Korean Mercenary’s Wild West

chapter 29 - Delaware Town



On the way to Delaware, someone tagged along.
George Brown of the Herald of Freedom.
He looked Max up and down and asked,
“Tell me you’re not going to wipe out a town.”
“Come on, what kind of nonsense is that.”
“It’s that your loadout isn’t kidding around. You could march straight onto a battlefield.”
“I’m prepared—for contingencies.”
Brown nodded, then cocked his head and asked,
“But why haul the corpses yourself when you know it’s dangerous? You could call the Delaware sheriff to verify the bounty.”
“That won’t cut it. You know what the biggest problem for Lawrence is right now?”
“Mm. Logistics?”
Max nodded.
Shipments from Leavenworth to Lawrence were ailing because of the people of Delaware.
They were painting Lawrence as the hand behind the murders and repeatedly delaying the transports.
Because of that, Chairman Charles kept saying he was losing his hair—he was racking his brains over it.

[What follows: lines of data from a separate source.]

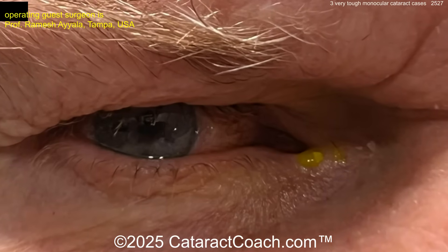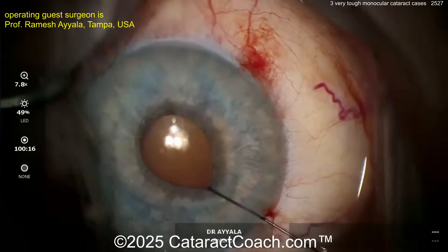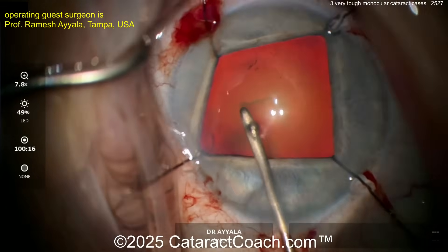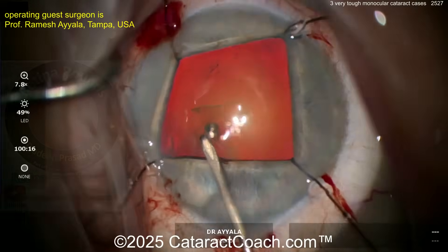Look at just the axis — it's going to be so difficult. Now here comes some iris hooks being placed. We have Professor Ramesh Ayala from the University of South Florida in Tampa as our guest surgeon here, a true master surgeon who's going to teach us the way.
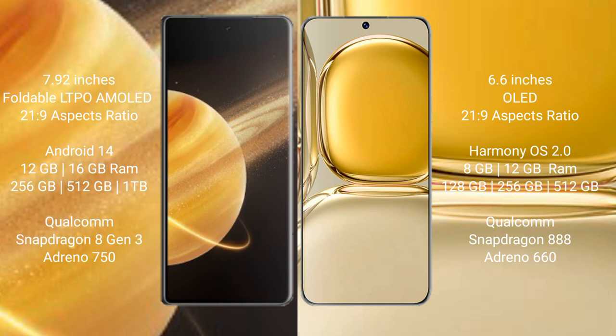Honor Magic V3 comes with 12GB or 16GB RAM and 256GB, 512GB, or 1TB internal storage, with a Qualcomm Snapdragon 8 Gen 2 processor and Adreno 750 GPU. Huawei P50 Pro comes with 8GB or 12GB RAM and 128GB or 256GB internal storage, with a Qualcomm Snapdragon 888 processor and Adreno 660 GPU.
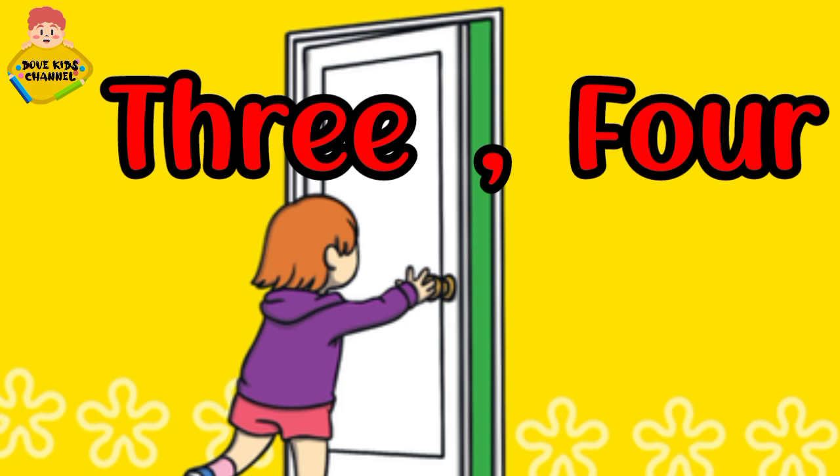Three, four. Three, four. Shut the door.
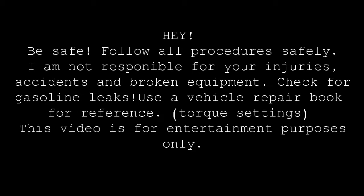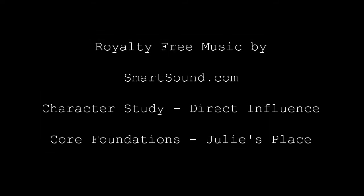Check the fittings for gasoline leaks — very important. Be safe. And that's it. See what I've done on imdb.com.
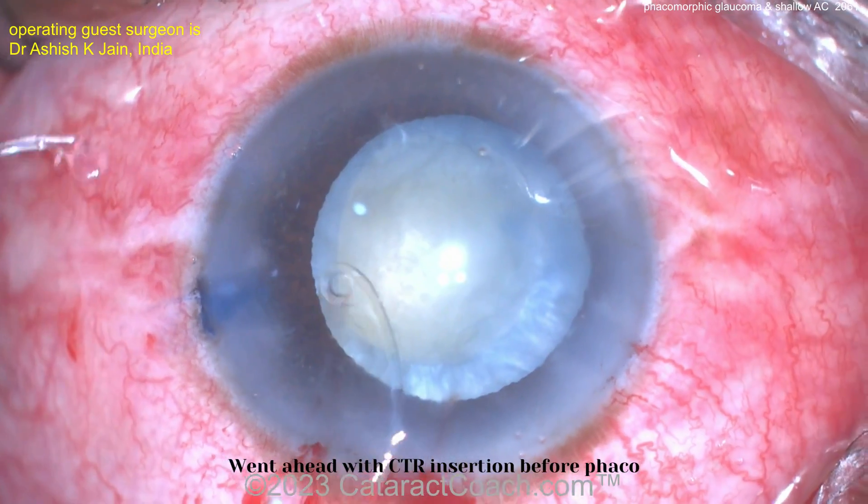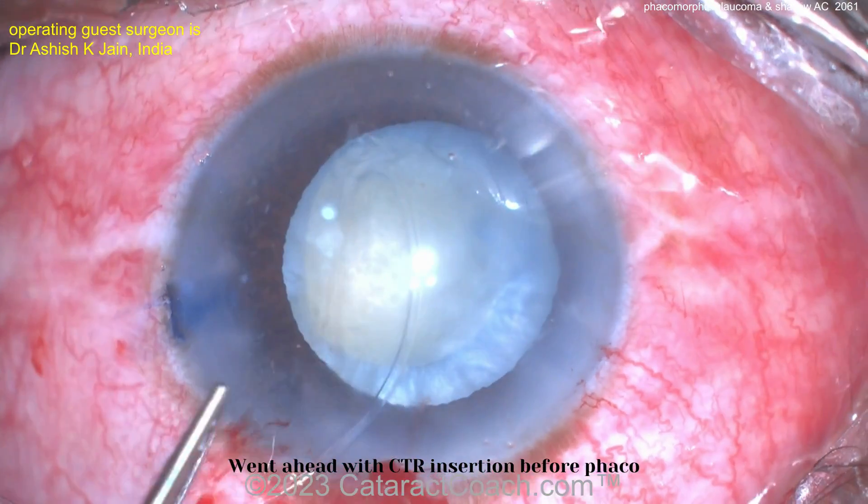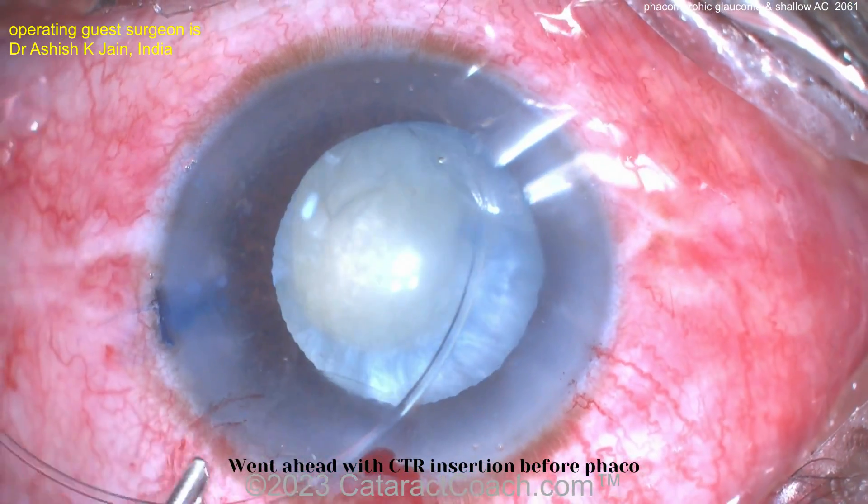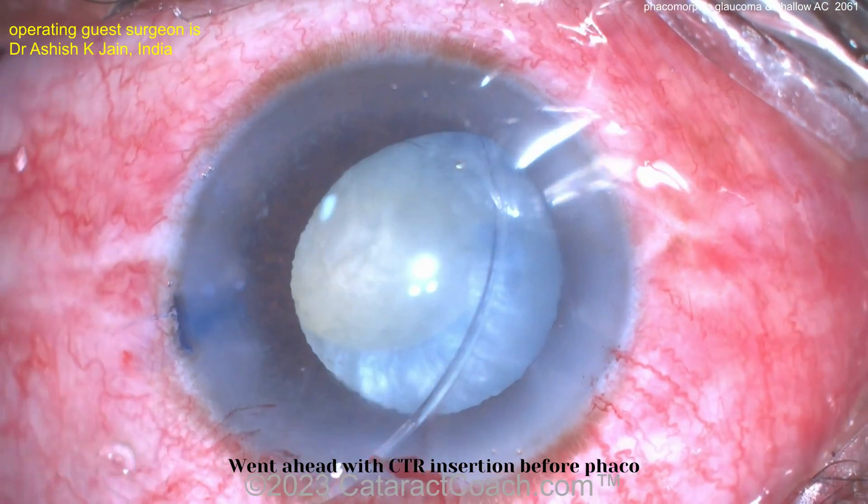Zonular defect — zonodialysis in one quadrant. So now a CTR is going in, manually placing it just with forceps, being very cautious. And that's going in pretty nicely.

“To solve it, we have to show it has nothing to do with our town. Specifically, we have to let them know the killers were their own—defenders of slavery.”
“How? Who are these guys?”
Brown rounded his small eyes and asked.
“They’re sons of a pro-slavery man in Jefferson City, Missouri.”
“Whoa—really? How the hell do you know that?”
Past-life memory, that’s what.
But he couldn’t say that.
“I found out ahead of time. Anyway, that’s what we need to assert.”
“An assertion grounded in fact?”
“Why would I lie.”
Rummaging through the last life’s notes, the men were certainly from Missouri. But proving it would take time.
Bringing George Brown along was to make it look like the legwork was already done.
“But the Delaware town chairman—Grinter—is no ordinary fellow.”
“The father of the murdered girl, right?”
“Pro-slavery down to the bone. No telling how he’ll come out. I just hope the logistics kink gets worked out, at least.”
That was Brown’s top priority.
Max wanted more.
Grinter had more than people thought.
Bleeding Kansas—the incidents that would erupt through this season of confusion and conflict.
It was a clash of abolitionists and defenders of slavery, and personal matters like land disputes would be sorted by the parties’ leanings and then blown up into “sides.”
So Delaware’s one-sided push to brand Lawrence the killers was a point that had to be taken head-on.
 
****
About twenty-five miles (40 km) from Lawrence to Delaware. With the bodies piled on the wagon, Max and Brown finally reached the town.
The town’s name came from the Indians called the Lenape—or Delaware—who had lived clustered there.
Many place names in America come from tribes or their languages. The state of Delaware in the East, too, was where the early Delaware people settled.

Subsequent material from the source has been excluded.